China’s Exports: A Brief Overview.

Dani Rodrik, a famous Harvard international economics professor, wrote an article titled “What’s So Special About China’s Exports” in the China and World Economy Journal.

Rodrik posits that taking a country’s per-capita GDP level and comparing it to the quality of its products exported (using internationally accepted 6-digit commodity indicators), then comparing the results to the per-capita GDP of like-quality exporting nations, one can assess whether or not a country is performing above or below expected technological levels. He refers to the product quality / PPP ratio as the EXPY ratio.

In other words, is China exporting more advanced levels of product than its per-capita GDP indicates is reasonable? His research, which is well explained and appears very accurate on its face, indicates that China has not only advanced at a high rate since opening its doors in the late 70s, but has actually risen to a level of productive know-how that far surpasses where it should be in relation to its per-capita GDP. China’s protection of its domestic market, attractive labor costs, low fixed capital costs, policies requiring joint venture agreements from sources of FDI and the tax breaks afforded to foreign investors all led to the development of productive capabilities that far overshot expectations given its income levels.
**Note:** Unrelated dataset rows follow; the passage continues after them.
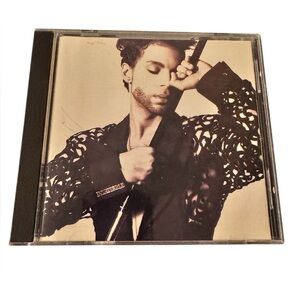 🔵 3/ $15 - Prince / The Hits 1 CD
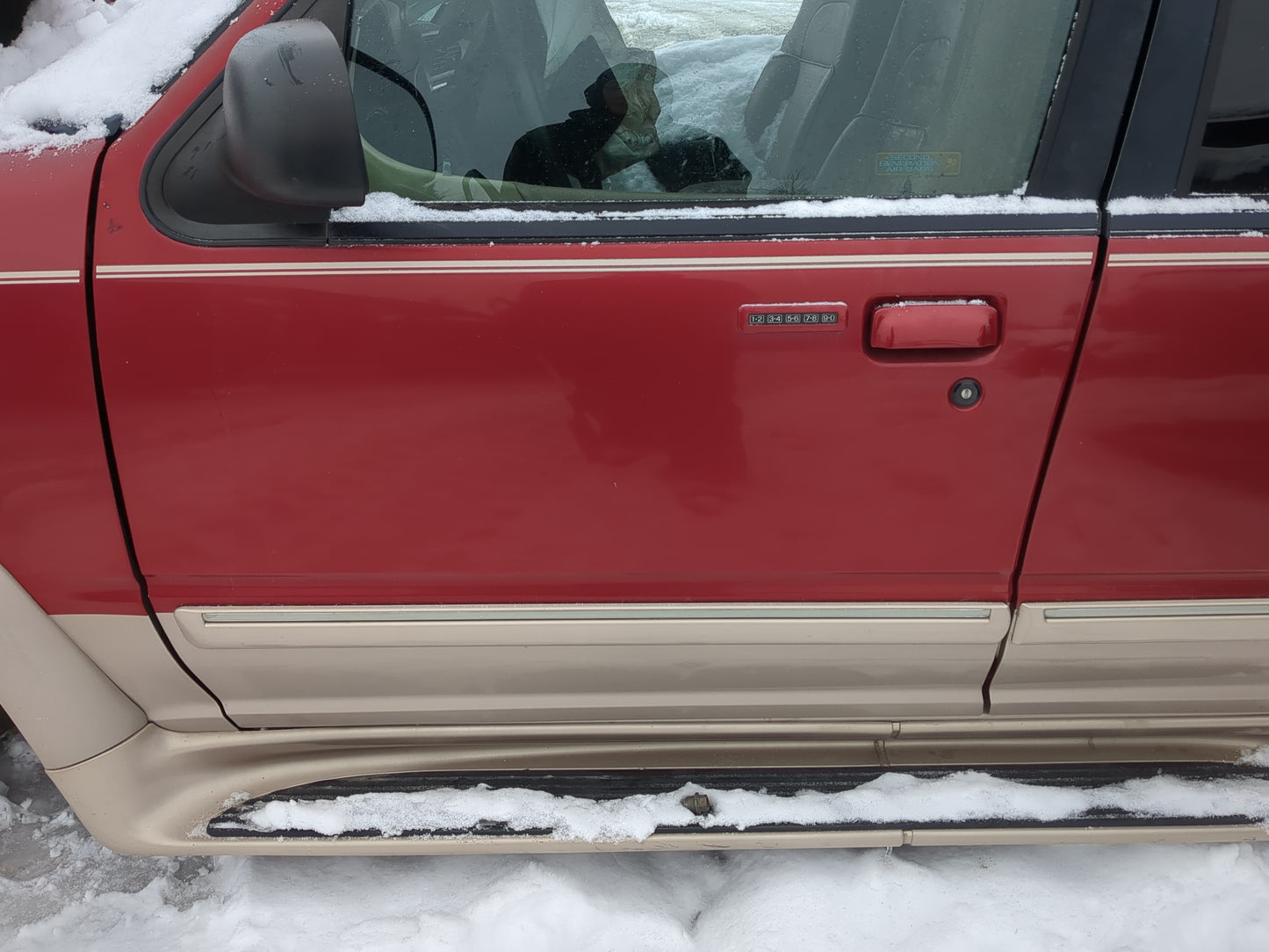 1998-2001 Ford Explorer Driver Front Door Oem - Oemusedautoparts1.com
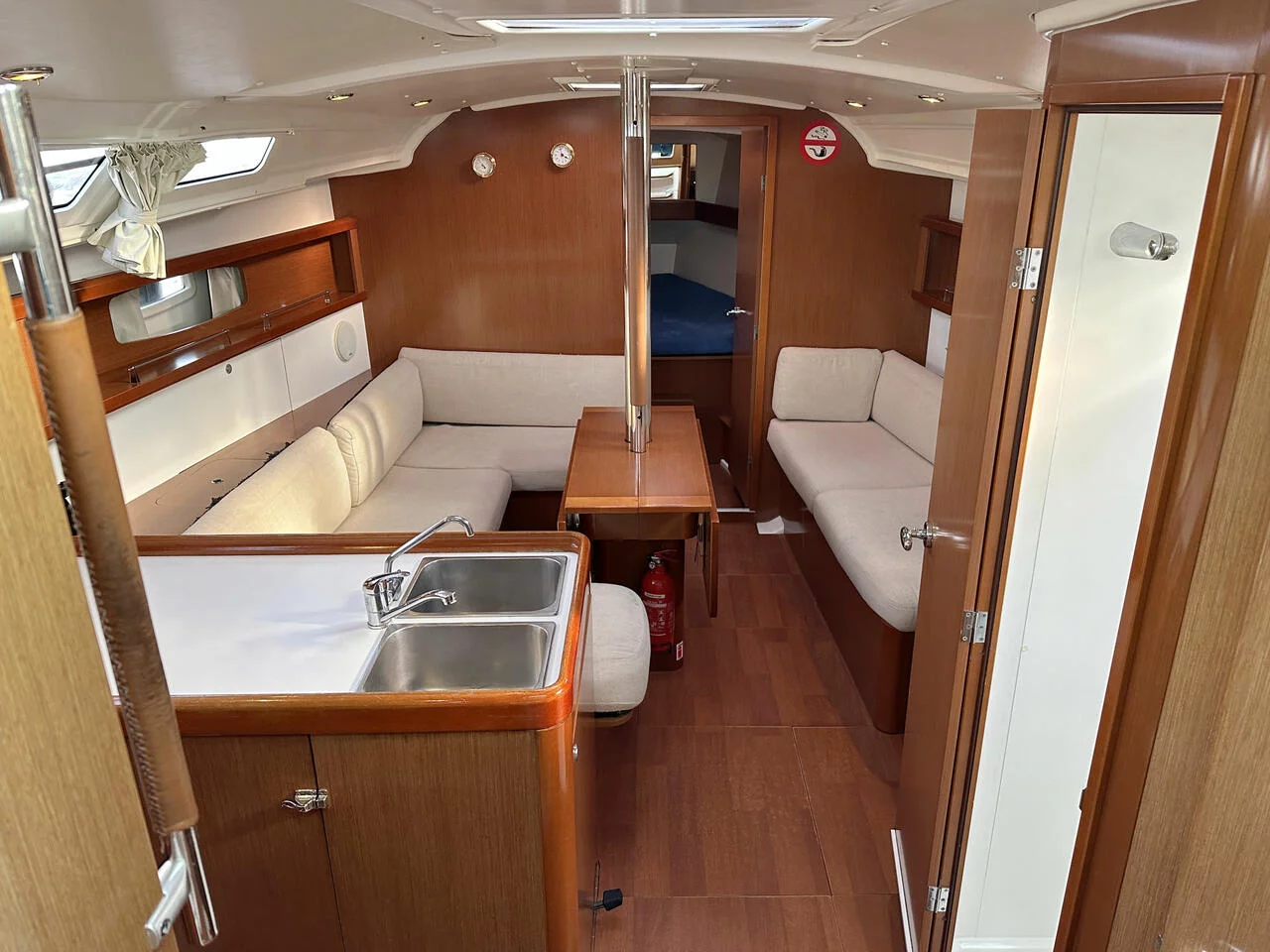 Oceanis 37 (Summertime)  - 10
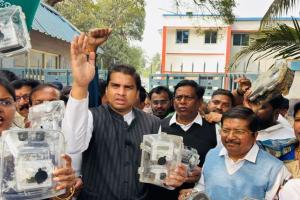 ଟାଟା ପାୱାରର ଅତିରିକ୍ତ ସୁରକ୍ଷା ଜମା ଓ ସ୍ମାର୍ଟ ମିଟର ଲଗାଇବା ବିରୋଧରେ ବିଜୁ ଯୁବ ଛାତ୍ର ଜନତା ଦଳର ବିଶାଳ ବିକ୍ଷୋଭ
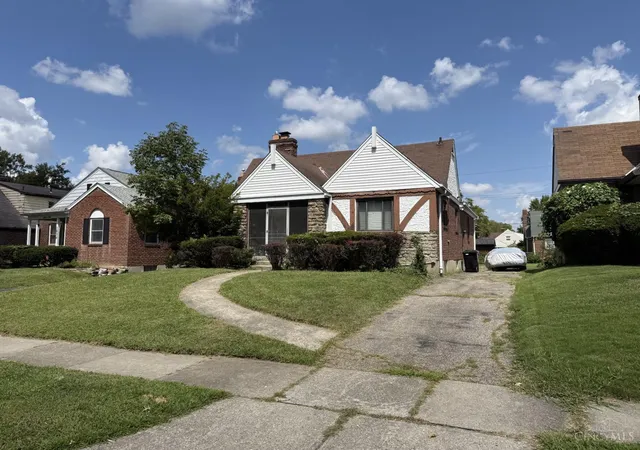 Single family home for sale at 1812 Larchwood Pl, Cincinnati, OH 45237 | MLS# 1892199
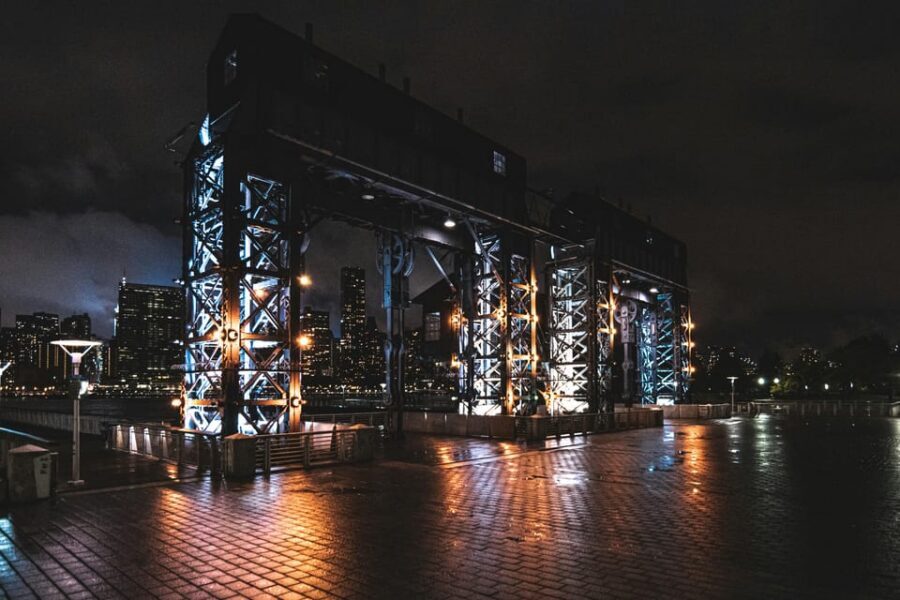 NYC: Night Tour and Viewpoints of New York - Hamilton Park: the final viewpoint where the skyline contrasts pop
Fundamentally, a country that exports products at increasingly higher technologically-advanced levels will experience higher per-capita GDP and a more stabilized market. But he argues at the end of the article that China will soon reach a glass ceiling of sorts as its ability to continue producing more advanced-quality products will require higher levels of entrepreneurial R&D and better IPR protections than the country currently offers. Government policies will need to change in order for China’s growth to avoid stagnating.

I firmly agree with Rodrik’s arguments regarding China’s development. I believe that understanding the history of China’s economic policy makes determining challenges to its continued development and the steps it must necessarily take to remain competitive an easier task. Looking at Rodrik’s assessment of China’s current quality-level of productivity in relation to its per-capita income points to a need for economic policies more aligned with a fully-developed country than one still maturing. This indicates that over the next decade, should China want to maintain a minimum growth rate of 6.5% (stated as necessary by government officials to continue providing new jobs for its migrating work force) it must focus on introducing policies more protective of IPR issues and supportive of R&D initiatives.

Cited Works:
“What’s So Special About China’s Exports?” China & World Economy, vol. 14. no. 5, September-October, 2006, 1-19.